Retype exactly the lines from the line with "2-Pack 3-inch 2-Ply" to the end of the data, keeping both boundary lines.
____________
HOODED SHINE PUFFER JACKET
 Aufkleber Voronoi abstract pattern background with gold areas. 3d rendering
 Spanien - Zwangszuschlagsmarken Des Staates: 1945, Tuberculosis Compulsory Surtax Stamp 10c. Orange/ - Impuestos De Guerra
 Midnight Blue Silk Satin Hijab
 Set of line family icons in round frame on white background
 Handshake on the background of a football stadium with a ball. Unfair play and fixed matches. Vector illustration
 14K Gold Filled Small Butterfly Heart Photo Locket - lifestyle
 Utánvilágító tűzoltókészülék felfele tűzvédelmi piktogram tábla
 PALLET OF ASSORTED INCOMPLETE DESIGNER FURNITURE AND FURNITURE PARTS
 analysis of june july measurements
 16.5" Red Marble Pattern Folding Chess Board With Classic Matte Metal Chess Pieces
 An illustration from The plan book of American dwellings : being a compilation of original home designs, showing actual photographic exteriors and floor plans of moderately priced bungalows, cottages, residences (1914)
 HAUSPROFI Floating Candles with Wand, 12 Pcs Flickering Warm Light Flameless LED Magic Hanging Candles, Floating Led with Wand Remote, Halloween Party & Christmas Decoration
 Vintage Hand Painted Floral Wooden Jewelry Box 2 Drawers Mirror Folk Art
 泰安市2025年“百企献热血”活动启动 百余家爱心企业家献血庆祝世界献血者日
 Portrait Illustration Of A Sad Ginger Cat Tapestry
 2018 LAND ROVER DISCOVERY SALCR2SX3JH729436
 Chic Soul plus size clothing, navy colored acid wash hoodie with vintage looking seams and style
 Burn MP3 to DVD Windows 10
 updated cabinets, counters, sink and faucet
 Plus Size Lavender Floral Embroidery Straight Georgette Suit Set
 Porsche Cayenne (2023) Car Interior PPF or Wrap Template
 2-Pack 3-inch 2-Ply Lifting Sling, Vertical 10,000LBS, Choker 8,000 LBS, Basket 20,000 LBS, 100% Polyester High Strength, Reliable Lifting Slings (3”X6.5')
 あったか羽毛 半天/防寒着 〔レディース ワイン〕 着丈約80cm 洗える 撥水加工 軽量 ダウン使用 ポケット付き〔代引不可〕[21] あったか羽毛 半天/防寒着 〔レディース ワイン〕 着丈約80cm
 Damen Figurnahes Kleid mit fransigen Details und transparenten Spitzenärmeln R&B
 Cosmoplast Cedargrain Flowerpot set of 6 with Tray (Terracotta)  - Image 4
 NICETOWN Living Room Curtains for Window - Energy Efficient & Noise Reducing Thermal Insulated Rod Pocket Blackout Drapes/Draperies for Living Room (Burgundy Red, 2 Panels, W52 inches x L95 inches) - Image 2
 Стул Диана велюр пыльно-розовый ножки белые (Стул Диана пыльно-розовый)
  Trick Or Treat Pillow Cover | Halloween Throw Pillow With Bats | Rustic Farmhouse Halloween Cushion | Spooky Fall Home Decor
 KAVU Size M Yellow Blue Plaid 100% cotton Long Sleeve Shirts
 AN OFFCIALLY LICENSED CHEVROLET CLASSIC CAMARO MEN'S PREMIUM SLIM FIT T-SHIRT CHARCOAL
____________
- [Solution to the problem]
 2-Pack 3-inch 2-Ply Lifting Sling, Vertical 10,000LBS, Choker 8,000 LBS, Basket 20,000 LBS, 100% Polyester High Strength, Reliable Lifting Slings (3”X6.5')
 あったか羽毛 半天/防寒着 〔レディース ワイン〕 着丈約80cm 洗える 撥水加工 軽量 ダウン使用 ポケット付き〔代引不可〕[21] あったか羽毛 半天/防寒着 〔レディース ワイン〕 着丈約80cm
 Damen Figurnahes Kleid mit fransigen Details und transparenten Spitzenärmeln R&B
 Cosmoplast Cedargrain Flowerpot set of 6 with Tray (Terracotta)  - Image 4
 NICETOWN Living Room Curtains for Window - Energy Efficient & Noise Reducing Thermal Insulated Rod Pocket Blackout Drapes/Draperies for Living Room (Burgundy Red, 2 Panels, W52 inches x L95 inches) - Image 2
 Стул Диана велюр пыльно-розовый ножки белые (Стул Диана пыльно-розовый)
  Trick Or Treat Pillow Cover | Halloween Throw Pillow With Bats | Rustic Farmhouse Halloween Cushion | Spooky Fall Home Decor
 KAVU Size M Yellow Blue Plaid 100% cotton Long Sleeve Shirts
 AN OFFCIALLY LICENSED CHEVROLET CLASSIC CAMARO MEN'S PREMIUM SLIM FIT T-SHIRT CHARCOAL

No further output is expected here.